Interestingly, there was generally a decrease in incidence in patients with diagnosed HS as well as patients with possible/diagnosed HS between 2014 and 2018, and the incidence in 2020 was lower than in previous years. This finding is not substantiated by the literature which suggests an increasing prevalence of HS, possibly due to an increased awareness of the disease [27, 28, 31]. External factors influencing health care-seeking behaviors such as changes in insurance premiums may have impacted this finding.
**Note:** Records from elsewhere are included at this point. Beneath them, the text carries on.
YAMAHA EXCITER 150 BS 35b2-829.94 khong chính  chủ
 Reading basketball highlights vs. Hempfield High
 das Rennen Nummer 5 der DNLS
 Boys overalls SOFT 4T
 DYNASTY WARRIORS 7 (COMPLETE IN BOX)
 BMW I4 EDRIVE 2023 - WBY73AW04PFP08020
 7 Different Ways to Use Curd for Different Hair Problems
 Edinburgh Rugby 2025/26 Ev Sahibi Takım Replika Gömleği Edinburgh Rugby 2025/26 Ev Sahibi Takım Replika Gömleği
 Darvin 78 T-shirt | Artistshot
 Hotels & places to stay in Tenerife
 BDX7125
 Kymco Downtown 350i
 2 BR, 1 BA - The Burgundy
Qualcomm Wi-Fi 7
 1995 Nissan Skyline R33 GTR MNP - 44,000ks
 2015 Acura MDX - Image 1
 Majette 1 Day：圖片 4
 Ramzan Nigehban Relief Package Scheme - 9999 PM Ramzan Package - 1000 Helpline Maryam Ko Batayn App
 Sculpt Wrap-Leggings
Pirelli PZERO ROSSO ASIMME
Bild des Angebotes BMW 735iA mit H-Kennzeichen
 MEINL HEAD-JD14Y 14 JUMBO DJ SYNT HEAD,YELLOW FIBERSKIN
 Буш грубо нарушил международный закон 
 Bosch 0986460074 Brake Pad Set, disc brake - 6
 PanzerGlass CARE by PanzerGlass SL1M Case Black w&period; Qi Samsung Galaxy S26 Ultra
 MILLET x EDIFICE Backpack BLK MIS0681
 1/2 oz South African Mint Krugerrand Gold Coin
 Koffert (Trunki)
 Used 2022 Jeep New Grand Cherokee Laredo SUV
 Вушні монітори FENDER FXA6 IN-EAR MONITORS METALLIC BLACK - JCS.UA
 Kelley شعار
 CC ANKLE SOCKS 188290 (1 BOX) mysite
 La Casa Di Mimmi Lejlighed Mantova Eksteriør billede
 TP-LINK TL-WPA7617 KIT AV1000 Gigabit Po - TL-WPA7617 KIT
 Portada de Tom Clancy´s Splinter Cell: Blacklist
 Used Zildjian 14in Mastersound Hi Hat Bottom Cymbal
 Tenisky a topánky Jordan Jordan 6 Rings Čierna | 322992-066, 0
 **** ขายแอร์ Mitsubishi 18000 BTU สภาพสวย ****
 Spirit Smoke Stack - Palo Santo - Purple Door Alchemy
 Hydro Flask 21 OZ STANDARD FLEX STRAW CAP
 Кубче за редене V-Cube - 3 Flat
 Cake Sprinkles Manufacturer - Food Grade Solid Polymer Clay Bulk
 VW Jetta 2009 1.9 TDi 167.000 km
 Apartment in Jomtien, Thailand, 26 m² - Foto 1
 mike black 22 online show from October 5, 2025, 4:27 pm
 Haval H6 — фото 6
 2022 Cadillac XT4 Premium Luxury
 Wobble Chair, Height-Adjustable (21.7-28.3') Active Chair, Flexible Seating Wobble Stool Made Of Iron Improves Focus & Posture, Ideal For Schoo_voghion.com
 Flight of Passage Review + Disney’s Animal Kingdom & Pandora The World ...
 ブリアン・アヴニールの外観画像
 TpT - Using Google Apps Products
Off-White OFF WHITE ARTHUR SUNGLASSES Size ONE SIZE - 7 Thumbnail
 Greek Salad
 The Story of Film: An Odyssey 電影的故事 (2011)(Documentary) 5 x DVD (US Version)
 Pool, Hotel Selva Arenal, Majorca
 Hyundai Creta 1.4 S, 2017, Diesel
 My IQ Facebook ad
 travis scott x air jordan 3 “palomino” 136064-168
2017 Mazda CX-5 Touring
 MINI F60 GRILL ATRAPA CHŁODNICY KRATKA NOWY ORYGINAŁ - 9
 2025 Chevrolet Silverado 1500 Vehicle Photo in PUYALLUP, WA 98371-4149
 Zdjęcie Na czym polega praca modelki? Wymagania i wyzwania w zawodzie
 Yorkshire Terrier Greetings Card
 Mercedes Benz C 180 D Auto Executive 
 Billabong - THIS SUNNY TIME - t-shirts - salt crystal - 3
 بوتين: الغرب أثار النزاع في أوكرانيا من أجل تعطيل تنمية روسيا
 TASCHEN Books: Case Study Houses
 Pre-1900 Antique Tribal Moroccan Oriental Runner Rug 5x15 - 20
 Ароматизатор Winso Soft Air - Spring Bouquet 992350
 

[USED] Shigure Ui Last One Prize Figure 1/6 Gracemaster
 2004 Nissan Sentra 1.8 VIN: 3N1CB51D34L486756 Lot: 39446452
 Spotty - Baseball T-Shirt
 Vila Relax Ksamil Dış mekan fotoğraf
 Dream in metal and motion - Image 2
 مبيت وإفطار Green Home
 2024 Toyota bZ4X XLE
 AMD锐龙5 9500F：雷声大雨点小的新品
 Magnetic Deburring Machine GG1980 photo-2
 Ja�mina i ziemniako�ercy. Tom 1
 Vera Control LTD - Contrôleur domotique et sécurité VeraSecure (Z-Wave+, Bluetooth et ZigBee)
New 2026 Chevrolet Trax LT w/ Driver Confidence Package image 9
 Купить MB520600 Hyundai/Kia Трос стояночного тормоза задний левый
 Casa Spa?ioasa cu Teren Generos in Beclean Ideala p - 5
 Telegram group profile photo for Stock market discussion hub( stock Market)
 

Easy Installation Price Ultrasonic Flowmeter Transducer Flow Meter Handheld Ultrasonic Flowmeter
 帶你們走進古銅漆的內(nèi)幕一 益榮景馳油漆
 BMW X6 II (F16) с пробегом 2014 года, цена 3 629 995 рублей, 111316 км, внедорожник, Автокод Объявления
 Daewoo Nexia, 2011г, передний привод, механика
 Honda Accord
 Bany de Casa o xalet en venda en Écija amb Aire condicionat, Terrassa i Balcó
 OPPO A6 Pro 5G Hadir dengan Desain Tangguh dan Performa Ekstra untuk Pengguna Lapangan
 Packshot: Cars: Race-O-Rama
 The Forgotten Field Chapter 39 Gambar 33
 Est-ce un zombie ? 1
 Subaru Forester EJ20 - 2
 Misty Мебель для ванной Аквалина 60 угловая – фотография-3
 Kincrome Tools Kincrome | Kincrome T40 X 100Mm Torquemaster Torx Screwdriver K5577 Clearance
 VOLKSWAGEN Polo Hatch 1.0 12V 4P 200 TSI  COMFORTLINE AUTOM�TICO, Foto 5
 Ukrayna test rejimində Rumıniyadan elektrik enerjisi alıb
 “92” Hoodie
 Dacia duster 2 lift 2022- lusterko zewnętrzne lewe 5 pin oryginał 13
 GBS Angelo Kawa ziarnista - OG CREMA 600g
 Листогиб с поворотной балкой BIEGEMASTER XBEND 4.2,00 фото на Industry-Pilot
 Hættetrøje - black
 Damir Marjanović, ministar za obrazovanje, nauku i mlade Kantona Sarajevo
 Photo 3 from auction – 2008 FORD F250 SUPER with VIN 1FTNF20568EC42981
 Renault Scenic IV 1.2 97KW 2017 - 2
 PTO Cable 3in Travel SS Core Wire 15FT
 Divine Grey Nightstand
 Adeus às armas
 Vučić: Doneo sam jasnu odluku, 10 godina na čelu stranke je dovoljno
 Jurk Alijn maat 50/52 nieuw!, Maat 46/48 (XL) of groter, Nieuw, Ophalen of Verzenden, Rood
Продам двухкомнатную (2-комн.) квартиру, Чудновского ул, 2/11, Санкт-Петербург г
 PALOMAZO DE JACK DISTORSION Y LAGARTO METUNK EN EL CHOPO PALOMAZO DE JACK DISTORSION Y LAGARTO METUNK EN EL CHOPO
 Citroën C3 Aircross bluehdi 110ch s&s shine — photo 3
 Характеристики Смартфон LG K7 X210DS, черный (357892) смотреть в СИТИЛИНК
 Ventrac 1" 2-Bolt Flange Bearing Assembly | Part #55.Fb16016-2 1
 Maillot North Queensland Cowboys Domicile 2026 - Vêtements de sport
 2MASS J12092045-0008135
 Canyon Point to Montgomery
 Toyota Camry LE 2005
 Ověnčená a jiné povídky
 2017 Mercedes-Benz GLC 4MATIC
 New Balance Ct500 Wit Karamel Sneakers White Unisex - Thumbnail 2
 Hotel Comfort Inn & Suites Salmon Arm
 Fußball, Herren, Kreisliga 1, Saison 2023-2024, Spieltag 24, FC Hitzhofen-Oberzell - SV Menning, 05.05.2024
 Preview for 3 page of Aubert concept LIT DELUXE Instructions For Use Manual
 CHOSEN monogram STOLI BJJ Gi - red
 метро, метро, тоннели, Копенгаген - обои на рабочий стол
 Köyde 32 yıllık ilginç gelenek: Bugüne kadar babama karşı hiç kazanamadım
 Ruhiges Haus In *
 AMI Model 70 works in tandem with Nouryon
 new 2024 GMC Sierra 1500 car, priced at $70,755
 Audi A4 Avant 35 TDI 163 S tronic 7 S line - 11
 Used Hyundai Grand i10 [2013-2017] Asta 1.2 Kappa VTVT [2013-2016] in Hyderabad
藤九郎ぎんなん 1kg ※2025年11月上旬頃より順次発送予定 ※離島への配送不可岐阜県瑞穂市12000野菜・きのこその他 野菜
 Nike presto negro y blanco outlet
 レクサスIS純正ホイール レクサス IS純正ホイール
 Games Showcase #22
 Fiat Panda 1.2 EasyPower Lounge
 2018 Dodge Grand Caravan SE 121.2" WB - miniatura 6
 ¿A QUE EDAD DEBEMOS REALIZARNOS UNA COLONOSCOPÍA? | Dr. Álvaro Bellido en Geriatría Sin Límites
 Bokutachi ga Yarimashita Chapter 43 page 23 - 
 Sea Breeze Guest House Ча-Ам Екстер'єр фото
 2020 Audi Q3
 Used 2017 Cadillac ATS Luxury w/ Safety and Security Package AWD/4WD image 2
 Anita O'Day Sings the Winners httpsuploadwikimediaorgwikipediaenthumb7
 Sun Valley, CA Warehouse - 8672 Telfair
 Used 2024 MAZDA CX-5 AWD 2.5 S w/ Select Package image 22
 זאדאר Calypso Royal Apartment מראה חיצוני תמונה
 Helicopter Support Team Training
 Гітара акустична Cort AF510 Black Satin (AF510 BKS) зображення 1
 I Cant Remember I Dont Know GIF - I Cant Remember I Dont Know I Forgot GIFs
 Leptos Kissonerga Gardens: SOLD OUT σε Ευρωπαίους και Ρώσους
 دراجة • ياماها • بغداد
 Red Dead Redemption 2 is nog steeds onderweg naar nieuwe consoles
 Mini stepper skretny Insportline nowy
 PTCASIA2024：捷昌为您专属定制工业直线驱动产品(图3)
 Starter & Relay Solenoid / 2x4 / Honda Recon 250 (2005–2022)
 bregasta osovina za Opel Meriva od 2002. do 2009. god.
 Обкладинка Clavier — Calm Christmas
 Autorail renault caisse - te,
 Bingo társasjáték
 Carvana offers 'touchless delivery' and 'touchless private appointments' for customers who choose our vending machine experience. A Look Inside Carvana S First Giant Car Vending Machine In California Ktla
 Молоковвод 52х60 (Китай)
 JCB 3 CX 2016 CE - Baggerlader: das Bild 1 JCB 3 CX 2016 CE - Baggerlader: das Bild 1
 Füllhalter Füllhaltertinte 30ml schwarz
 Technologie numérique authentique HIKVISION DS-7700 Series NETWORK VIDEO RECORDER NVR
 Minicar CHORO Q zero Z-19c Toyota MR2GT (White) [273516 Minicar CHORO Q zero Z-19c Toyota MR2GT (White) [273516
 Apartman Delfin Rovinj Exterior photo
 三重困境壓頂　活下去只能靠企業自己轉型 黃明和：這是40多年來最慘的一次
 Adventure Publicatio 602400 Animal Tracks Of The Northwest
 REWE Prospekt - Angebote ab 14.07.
The advent of the COVID-19 pandemic in 2020 likely contributed to the substantial decrease in observed incidence, as patients have been reported to have limited health care-seeking behaviors during this time [35]. As aforementioned, delaying a diagnosis of HS and subsequent treatment can have an impact on the disease course [7, 25, 26], and health-care practitioners should be vigilant regarding this finding to ensure that the momentum in increased awareness and diagnosis of HS is maintained to improve treatment outcomes in this population.

Limitations

The algorithms used in this analysis have not been validated, and as such, the results should be interpreted with caution. While the patient population is reasonably representative of the US population, considering the limitations of the secondary data available in the different datasets and potential limitations of the algorithms, it is difficult to synthesize a single value for 5- or 1-year prevalence. An inherent limitation of these databases is that the data recorded within the databases under consideration may be inaccurate or subject to human or technical error and may also include issues relating to missing, invalid, not recorded, or unknown data. Furthermore, the presence of duplicate records for patients within the databases may lead to certain limitations within the present analysis. Some variables are obtained from the physicians’ clinical impression of the patient and not from objective measures, which may lead to biases. There may be differences in various datasets used which led to differences between results across databases such as the definition of continuous enrollment or continuous medical and pharmacy benefits. While the databases have dedicated tables towards recording continuous enrollment, the Optum EHR database lacks this. To overcome the issue, continuous enrollment was verified using the definition of the presence of any activity during the pre- and post-index period.

Conclusion

This real-world, US-based analysis provides valuable insights into the use of two algorithms to identify patients with possible/diagnosed HS from four different health care databases. The employed algorithms identified a higher prevalence of patients with HS versus HS ICD diagnosis codes, highlighting that the use of diagnosis codes alone may underestimate the prevalence of HS by varying margins and showcases the usefulness of implementing algorithms which assess for parameters such as multiple skin boils in site-specific areas to identify undiagnosed patients. Despite this, it is expected that the true prevalence of HS is likely somewhere between the prevalence estimated from the algorithms and the prevalence revealed based on the HS ICD codes. As reported in previous studies conducted in the US, adults and female patients had a higher prevalence of HS versus adolescent and pediatric patients and male patients, respectively. By implementing such algorithms into clinical practice, patients may benefit from an improvement in HS identification and diagnosis and thus mitigate the burdensome diagnostic delay associated with the disease and improve treatment outcomes.